The Aircraft card makes it possible to analyze airfoils in an aircraft oriented way. It does not analyze and aircraft, though!
Instead of specifying a Reynolds number range you specify a range of wing loadings. Additionally you define the mean chord length and of course a range for the angle of attack. For each wing loading / angle of attack condition, JavaFoil will now find the matching Reynolds number. Like on the Polars card, the resulting lift, drag and moment coefficients as well as location of transition and separation will be presented in graphs and tables.
Note that the kinematic viscosity and the density are taken from the Options card. For different altuitudes you have to adjust these values accordingly.

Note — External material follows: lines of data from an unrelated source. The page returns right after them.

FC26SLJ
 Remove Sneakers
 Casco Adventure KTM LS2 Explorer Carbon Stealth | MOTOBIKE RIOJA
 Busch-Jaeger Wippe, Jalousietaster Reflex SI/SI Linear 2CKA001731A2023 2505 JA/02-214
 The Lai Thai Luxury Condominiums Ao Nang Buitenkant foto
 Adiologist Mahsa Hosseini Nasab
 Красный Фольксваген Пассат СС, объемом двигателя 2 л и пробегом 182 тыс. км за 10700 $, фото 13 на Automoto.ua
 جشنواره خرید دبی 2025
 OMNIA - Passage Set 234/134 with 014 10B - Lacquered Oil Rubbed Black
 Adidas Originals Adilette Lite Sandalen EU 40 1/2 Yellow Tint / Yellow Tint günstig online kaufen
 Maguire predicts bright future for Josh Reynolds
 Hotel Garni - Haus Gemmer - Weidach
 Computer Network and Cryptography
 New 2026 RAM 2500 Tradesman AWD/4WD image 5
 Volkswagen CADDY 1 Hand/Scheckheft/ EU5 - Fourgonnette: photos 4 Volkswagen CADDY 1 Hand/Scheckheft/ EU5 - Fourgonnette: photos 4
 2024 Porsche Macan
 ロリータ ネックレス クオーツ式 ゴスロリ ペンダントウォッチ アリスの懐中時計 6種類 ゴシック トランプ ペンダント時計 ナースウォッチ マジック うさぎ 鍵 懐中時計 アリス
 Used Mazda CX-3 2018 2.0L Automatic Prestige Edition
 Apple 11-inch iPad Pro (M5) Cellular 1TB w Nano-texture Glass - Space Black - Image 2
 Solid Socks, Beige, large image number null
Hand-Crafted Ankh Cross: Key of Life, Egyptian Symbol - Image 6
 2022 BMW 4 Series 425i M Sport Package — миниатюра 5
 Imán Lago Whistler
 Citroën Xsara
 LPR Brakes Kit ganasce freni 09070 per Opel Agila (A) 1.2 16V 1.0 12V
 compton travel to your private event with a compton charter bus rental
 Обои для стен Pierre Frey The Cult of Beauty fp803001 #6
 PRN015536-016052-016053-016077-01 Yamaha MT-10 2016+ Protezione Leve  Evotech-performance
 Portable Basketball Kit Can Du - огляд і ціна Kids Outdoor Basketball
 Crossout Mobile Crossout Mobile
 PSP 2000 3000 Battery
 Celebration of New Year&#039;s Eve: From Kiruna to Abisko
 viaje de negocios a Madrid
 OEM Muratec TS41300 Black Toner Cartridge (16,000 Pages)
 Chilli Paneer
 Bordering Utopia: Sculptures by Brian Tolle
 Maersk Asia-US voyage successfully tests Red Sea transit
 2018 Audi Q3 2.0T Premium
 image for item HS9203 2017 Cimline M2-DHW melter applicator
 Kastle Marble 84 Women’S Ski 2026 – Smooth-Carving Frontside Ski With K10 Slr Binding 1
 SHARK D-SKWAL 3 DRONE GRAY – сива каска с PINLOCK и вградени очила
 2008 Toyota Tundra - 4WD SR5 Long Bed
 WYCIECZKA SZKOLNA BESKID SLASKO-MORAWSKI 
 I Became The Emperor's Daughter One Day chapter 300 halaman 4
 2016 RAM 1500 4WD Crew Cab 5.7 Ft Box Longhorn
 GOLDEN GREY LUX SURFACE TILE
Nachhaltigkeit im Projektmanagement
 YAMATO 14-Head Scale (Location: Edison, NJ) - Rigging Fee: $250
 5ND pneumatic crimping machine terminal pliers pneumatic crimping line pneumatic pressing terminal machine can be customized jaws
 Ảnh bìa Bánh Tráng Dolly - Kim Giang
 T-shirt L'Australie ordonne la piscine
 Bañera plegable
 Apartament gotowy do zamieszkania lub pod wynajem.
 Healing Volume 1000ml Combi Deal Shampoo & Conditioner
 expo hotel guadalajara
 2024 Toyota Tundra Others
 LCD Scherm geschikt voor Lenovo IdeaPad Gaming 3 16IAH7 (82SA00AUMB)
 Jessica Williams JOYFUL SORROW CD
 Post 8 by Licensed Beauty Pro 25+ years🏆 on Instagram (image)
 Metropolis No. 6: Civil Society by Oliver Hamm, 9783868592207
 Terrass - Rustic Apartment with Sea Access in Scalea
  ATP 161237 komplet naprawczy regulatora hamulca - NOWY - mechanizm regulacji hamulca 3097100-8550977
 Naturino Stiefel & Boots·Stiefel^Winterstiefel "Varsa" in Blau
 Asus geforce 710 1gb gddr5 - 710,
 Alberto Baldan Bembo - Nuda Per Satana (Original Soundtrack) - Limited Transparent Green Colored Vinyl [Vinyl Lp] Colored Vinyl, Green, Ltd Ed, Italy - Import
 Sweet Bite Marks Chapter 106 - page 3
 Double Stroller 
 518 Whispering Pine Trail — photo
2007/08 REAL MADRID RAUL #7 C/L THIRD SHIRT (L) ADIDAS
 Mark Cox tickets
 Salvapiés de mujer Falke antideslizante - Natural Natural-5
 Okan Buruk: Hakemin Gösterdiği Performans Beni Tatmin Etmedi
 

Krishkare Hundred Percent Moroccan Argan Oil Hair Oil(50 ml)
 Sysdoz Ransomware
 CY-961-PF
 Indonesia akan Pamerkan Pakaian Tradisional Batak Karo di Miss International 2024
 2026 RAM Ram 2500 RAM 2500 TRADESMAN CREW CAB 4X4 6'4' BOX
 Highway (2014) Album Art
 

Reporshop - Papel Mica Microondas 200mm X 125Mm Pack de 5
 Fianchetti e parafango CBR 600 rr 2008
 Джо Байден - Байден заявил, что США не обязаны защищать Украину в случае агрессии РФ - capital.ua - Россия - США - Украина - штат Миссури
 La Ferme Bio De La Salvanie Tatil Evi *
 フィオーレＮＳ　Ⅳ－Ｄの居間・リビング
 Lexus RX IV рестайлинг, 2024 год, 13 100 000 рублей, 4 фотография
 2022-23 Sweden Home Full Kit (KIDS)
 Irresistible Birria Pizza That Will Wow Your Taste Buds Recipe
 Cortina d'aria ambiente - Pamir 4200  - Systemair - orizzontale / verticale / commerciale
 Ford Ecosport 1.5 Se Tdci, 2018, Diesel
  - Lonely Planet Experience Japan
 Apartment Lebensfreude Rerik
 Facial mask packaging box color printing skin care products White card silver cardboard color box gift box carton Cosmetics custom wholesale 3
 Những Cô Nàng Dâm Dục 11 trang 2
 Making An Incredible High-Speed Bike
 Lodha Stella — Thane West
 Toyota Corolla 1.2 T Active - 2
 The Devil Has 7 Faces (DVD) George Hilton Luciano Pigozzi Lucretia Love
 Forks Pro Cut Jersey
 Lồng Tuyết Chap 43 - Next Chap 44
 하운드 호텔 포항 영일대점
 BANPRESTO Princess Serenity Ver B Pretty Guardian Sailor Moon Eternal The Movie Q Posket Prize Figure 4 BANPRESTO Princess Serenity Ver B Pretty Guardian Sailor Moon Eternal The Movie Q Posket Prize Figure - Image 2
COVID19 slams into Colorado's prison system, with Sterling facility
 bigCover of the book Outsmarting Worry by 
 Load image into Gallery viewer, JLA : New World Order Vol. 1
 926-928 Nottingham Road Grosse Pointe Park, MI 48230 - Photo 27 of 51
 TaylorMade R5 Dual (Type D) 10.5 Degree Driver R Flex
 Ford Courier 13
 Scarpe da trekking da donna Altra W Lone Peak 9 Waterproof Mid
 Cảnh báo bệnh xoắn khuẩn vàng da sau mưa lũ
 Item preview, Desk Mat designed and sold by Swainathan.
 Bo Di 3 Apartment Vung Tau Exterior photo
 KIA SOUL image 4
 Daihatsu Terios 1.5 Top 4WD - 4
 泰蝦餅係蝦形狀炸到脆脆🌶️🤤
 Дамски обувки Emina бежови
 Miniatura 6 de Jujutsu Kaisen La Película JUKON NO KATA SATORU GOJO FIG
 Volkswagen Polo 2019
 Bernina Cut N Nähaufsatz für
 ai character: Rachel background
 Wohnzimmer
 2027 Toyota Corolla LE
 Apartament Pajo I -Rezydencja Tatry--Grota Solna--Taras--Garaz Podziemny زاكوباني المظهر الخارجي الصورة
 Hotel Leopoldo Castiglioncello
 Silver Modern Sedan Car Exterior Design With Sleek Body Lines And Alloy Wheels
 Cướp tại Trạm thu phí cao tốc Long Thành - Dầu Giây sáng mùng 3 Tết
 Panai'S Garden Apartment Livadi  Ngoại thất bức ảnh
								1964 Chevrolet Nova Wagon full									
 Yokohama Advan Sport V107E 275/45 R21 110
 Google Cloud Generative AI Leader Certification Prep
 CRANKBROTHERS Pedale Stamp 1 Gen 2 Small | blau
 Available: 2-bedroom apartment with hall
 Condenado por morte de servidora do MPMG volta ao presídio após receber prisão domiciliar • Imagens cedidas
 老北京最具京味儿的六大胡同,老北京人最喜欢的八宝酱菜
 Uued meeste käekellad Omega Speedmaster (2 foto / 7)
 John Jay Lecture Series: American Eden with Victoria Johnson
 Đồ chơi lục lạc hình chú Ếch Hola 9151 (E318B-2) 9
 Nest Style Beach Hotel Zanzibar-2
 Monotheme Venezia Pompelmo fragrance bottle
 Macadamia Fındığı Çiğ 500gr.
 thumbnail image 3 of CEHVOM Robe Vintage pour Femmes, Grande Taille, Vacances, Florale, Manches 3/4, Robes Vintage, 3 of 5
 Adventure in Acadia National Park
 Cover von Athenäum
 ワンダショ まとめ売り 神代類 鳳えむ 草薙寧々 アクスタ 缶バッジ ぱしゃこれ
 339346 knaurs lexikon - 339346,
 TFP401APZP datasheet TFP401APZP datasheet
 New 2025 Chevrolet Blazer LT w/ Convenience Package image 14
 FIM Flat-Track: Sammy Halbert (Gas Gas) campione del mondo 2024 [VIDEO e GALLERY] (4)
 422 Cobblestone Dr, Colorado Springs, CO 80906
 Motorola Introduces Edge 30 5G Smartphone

|This card offers some information about your Java system and
it contains a combo box to select a different country setting. The
country setting also affects the decimal separator. Initially, the
language will be selected automagically, based on your system settings (or
according to your command line parameters). The default language is English,
but if you prefer your native language, contact me by eMail to receive a
file with the character strings to translate.
You can save and restore the current state of JavaFoil to revert later to a previous project (see security settings).
Also you can specify some properties of the fluid where you want the airfoil to operate. The kinematic viscosity is needed for the calculation of the local Reynolds number and the speed of sound is needed for the Mach number. Currently, these parameters are currently only required for the Aircraft card.
The aspect ratio is used for an approximate correction of the results on the Polar and Aircraft cards for a finite wing. First the 3D lift coefficient CL is determined by adapting the 2D Cl. Mach number and aspect ratio are taken into account. Then the 3D drag coefficient CD is calculated by adding the induced drag coefficient for a wing with elliptical lift distribution to the Cd of the airfoil.
Finally, the scripting facility can be used to automate command sequences.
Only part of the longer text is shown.